Wednesday, February 07, 2007

A year in the life....

Here I am! I am have doing this single mom gig for one year today. February 7, 2006 is the day that my ex-husband and I decided to seperate. In the immediate aftermath of the seperation I truly thought we would reconcile. We talked about it a lot and it seemed like we each just needed a break and that after some time we could get back together.

Obviously, that is not how things happened. If someone had told me that a year ago, I would have been devastated. Now....I'm okay. I wish I could say I'm great. I wish I could say I'm the happiest I've ever been. I can't say those things though. I can say that I survived. I stumbled several times a long the way. I have experienced depression so heavily that I did not want to make it to the next day. I have experienced a lot of sadness in this past year. More than my share, I'm afraid. But I made it. I'm here, really no worse for the wear.

In a sense, I feel somewhat empowered by that. I wish I felt more empowered by it. I wish I had made some great stride in the past year that would make me feel proud for doing it by myself. However, much of my year truly was just surviving. Just making it to the next day. Doing what I absolutely had to do and no more. I know that is an accomplishment, I didn't think I could do that much...by myself.

I wonder what the future holds for me and my boys. I know now, that is a good thing that we can't foresee our futures. We go through things in our life that we need to experience. We have no idea how it will change us inside. I try not to be afraid of my future. If anything, I know I'll be able to get through whatever life throws at me. I actually look forward to re-visiting this blog post one year from now. So many things can happen. One moment can change everything.
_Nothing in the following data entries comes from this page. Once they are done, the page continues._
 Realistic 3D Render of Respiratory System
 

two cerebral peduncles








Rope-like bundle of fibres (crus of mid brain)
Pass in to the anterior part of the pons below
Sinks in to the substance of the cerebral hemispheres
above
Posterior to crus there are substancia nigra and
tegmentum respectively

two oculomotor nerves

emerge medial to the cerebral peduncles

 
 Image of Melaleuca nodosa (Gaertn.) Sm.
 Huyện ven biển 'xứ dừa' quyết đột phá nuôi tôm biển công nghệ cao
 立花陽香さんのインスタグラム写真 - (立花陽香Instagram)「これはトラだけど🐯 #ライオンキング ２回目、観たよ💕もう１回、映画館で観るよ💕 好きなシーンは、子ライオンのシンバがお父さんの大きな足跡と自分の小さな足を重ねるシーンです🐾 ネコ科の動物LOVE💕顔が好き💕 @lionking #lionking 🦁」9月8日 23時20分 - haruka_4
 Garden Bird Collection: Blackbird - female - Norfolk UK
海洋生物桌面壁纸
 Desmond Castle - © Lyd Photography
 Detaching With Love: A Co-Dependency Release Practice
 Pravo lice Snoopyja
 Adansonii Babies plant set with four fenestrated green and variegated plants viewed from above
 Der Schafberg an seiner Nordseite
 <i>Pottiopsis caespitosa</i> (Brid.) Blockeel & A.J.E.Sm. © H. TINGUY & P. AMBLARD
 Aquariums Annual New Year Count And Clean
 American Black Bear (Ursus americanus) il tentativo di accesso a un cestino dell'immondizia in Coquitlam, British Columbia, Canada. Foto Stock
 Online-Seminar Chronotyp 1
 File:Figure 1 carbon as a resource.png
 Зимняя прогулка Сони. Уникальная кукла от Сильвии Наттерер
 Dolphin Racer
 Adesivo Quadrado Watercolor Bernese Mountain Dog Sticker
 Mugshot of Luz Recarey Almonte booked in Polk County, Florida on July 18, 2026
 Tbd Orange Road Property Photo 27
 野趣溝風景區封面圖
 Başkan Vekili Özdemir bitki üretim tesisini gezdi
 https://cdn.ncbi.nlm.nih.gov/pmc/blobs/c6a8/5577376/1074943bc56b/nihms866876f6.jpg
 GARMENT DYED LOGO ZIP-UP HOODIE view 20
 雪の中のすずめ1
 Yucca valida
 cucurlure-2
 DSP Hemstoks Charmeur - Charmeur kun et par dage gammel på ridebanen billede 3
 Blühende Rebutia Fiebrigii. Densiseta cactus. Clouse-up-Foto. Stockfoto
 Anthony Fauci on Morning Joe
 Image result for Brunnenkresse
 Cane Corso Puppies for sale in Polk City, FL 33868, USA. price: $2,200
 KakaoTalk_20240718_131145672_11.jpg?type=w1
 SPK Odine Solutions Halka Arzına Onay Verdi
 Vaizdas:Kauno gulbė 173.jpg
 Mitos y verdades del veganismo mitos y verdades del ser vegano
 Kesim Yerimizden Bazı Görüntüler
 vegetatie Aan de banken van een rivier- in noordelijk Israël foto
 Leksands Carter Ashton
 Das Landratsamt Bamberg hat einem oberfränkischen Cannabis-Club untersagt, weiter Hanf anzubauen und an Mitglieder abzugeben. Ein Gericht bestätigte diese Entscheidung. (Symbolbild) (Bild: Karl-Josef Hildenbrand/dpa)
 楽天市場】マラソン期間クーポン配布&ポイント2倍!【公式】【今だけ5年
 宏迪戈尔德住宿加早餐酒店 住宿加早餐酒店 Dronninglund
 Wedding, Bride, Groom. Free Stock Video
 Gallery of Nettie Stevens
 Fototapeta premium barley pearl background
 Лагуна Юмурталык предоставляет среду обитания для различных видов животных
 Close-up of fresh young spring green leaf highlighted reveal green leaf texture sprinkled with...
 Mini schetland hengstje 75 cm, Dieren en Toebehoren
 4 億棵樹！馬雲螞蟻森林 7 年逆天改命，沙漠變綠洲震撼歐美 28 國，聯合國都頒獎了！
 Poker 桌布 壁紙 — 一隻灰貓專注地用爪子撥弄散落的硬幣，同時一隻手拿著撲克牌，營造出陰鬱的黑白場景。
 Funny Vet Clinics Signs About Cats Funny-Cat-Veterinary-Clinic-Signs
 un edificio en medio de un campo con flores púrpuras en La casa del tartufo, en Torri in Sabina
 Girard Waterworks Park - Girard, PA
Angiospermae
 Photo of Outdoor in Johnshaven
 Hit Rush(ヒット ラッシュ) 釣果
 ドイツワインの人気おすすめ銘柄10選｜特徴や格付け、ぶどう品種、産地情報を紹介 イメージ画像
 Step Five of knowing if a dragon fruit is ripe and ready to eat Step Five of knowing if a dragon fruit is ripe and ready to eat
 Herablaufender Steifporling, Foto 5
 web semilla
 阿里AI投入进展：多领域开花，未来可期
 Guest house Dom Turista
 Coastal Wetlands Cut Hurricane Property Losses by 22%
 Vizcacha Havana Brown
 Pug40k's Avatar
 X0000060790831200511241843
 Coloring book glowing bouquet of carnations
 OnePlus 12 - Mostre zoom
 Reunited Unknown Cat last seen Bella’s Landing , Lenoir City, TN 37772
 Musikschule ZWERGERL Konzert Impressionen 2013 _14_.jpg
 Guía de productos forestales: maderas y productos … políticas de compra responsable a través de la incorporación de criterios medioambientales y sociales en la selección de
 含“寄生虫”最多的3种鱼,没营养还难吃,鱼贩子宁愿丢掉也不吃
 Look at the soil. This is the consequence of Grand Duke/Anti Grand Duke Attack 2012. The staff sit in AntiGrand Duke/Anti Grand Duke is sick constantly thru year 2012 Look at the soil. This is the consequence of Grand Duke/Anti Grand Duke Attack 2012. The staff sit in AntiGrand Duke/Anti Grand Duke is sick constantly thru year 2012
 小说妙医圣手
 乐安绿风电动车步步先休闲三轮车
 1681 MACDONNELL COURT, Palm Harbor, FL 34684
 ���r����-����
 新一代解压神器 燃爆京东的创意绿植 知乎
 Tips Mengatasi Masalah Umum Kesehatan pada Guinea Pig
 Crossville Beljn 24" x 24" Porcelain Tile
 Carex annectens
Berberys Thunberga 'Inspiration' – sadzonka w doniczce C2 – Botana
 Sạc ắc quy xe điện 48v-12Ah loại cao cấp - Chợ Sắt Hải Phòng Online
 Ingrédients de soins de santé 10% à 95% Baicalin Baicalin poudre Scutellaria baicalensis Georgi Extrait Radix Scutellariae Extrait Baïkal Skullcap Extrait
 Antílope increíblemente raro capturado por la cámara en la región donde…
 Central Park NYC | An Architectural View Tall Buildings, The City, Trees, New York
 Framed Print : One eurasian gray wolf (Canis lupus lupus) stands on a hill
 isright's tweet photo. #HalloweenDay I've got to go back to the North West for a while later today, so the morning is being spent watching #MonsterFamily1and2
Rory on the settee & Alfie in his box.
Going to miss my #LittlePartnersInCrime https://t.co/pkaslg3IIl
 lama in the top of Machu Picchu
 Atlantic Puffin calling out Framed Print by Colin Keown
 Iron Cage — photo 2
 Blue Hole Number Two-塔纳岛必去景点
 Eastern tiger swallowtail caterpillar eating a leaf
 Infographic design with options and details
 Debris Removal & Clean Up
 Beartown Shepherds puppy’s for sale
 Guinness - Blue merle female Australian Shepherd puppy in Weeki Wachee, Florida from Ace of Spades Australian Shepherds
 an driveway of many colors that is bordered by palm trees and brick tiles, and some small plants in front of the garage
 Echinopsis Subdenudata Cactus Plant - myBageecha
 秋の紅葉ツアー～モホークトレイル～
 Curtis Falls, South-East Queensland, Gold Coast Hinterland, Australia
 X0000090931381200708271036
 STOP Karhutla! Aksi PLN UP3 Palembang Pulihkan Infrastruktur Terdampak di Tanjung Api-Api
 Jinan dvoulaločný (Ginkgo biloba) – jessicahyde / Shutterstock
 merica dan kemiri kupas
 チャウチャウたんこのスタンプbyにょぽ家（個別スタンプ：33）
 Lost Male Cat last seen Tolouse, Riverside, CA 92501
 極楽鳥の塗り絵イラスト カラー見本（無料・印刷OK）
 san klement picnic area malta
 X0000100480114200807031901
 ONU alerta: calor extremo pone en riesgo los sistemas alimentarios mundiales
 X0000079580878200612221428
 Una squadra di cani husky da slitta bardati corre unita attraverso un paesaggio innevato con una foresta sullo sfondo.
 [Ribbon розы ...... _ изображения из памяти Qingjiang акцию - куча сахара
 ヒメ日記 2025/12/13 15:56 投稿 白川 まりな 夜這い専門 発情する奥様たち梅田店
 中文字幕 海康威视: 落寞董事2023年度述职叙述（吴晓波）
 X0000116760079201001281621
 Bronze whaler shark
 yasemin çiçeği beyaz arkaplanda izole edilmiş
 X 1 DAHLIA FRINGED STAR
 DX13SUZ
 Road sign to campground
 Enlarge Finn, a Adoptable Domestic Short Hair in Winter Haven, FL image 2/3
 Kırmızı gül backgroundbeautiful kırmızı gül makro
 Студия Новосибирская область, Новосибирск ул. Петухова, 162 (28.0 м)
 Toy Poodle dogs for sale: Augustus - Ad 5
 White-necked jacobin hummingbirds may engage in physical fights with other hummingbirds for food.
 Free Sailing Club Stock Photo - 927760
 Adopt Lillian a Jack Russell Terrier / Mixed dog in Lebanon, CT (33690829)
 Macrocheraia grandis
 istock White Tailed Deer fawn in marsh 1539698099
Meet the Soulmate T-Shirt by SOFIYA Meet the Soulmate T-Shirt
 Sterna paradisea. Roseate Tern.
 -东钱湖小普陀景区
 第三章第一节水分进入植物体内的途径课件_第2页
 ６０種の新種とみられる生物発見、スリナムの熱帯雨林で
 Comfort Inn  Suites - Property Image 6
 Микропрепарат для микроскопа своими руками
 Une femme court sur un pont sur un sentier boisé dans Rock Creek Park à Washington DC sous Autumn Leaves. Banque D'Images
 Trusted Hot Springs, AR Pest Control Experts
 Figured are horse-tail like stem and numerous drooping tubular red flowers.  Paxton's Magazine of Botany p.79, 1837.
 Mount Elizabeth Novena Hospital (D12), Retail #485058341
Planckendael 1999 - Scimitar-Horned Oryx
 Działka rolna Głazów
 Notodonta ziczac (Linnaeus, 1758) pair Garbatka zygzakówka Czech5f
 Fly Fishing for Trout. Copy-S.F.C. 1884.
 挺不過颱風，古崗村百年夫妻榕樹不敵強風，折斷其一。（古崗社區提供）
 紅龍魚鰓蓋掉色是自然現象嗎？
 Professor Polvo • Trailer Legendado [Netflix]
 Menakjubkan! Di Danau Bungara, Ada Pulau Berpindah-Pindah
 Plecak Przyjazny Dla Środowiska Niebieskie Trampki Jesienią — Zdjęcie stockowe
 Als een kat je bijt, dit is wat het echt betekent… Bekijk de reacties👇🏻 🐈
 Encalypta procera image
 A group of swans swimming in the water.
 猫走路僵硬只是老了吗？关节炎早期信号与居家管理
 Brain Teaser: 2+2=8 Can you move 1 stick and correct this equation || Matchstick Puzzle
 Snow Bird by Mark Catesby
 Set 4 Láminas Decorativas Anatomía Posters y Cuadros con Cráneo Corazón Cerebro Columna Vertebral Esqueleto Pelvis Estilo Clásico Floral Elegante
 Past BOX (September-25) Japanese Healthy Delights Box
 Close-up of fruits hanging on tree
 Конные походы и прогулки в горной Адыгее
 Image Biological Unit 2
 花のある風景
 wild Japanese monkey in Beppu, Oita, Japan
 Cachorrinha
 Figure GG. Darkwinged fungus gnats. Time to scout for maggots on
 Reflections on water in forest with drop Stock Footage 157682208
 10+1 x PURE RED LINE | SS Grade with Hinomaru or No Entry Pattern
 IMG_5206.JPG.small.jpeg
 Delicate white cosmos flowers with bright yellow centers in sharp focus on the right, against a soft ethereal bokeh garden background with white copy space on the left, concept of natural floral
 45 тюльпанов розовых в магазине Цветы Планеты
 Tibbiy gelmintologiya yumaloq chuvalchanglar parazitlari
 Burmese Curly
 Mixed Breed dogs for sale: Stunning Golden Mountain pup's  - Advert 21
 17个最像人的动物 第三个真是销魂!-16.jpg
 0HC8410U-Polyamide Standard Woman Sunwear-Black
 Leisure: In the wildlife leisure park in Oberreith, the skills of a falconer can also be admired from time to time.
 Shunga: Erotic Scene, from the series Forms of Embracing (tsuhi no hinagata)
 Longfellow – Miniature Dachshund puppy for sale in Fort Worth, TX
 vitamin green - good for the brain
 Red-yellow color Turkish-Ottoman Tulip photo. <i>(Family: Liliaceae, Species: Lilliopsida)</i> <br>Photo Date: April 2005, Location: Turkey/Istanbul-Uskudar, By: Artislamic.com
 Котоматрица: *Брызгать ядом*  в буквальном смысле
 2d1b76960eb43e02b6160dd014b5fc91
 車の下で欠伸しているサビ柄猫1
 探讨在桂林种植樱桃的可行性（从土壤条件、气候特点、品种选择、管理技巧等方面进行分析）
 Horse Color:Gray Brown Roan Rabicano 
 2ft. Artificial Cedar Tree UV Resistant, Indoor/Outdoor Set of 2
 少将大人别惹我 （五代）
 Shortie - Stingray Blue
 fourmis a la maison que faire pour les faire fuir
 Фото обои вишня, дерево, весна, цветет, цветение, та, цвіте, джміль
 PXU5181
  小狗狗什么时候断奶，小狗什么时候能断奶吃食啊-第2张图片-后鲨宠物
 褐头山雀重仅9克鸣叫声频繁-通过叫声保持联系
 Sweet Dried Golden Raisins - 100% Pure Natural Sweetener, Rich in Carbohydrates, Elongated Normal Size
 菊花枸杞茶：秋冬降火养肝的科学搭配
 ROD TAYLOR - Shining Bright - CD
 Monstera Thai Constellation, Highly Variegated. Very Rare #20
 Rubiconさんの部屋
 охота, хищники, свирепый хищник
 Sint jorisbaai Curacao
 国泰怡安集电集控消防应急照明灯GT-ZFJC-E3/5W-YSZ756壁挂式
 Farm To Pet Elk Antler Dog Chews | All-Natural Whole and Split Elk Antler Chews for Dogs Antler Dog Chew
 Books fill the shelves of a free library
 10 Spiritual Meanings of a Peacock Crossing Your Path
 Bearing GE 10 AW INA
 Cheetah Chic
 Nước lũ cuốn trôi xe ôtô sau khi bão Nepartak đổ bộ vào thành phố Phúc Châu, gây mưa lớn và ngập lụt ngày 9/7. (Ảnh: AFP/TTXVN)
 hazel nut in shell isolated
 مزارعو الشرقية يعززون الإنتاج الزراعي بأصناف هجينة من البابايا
To celebrate my year of indepence everything in my stores at A Cherry On Top and Elemental Scraps have been marked down to $1 for 24 hours only!! Celebrate with me girls!!

I do have a couple of LOs to share with you! Here is one I did of my Tristan, I just love this photo. I often put off scrapping "favorite" photos for fear I can't do them justice but I love the ethereal feel this LO has to it. The papers from Jennifer Howland's Rendevous Paper Pack couldn't have been more perfect!! AND it's a steal at $2.50!!!!

Read Credits HERE
Here is another cute little girl! I have to hit my friends up for girl picks to scrap CT assignments with :P! This photo could not have been more perfect for Paula Duncan's Garden Party!!

Read Credits HERE



9 Comments:

Anonymous Anonymous said...

(((HUGS)))

Your LOs are beautiful!

Wednesday, February 7, 2007 at 8:22:00 AM EST  
Blogger Rebecca H. said...

good for you for making your way through what must have been a very difficult time for you - good for you for staying strong for your kiddos!

i checked out your digi products, and your stuff is beautiful! i'll have to stop back by later & do a little shopping! thanks for the sale!

Wednesday, February 7, 2007 at 8:42:00 AM EST  
Blogger Kelly said...

What an inspiring woman you are! BIG HUGS to you! and your LOs are gorgeous!!

(p.s. you are going to KILL me with this sale! I think I have about every kit of yours as it is though LOL)

Wednesday, February 7, 2007 at 9:19:00 AM EST  
Blogger Cre8tvlyyrsGina said...

Minus children...I went through the same as you 17 years ago at the tender age of 21 and had people told me that 17 years later I'd be married for 11 years with my blessing from God himself...I wouldn't have believed them! No way would I!! So I just wanted to let you know that you are not alone and that things do get better and yes you will be surprised by the blessings to come for you!
{{Here for you}} CY, Gina

Wednesday, February 7, 2007 at 2:40:00 PM EST  
Blogger Juzahlyn said...

awww what a powerful entry..You are a brave woman to go through that but you came out strong!!You are an inspiration to many always remember that

Wednesday, February 7, 2007 at 8:18:00 PM EST  
Blogger Lena Brandenburg said...

This was a fab sale...your layouts are amazing as always :)

Oh and ps love the appropriate song for the day...since you introduced this song to me when i was having a tough time...it makes me smile actually...and is still on my mp3 player :)

Thursday, February 8, 2007 at 5:08:00 AM EST  
Anonymous Anonymous said...

Keep your head up girl!! What has kept me sane thru similar tough times is my favorite quote. Mother Teresa once said " I know that God won't give me more than I can handle, I just wish he didn't trust me so much."

Saturday, February 10, 2007 at 1:00:00 PM EST  
Anonymous Anonymous said...

I agree with all the comments above. Keep your head up and focus on your goals ...you and your family.

Your lo's are wonderful!!!
~Marie

Saturday, February 17, 2007 at 10:20:00 PM EST  
Blogger Paula :) said...

Your layouts are incredible and so are you!! You have accomplished alot this year!!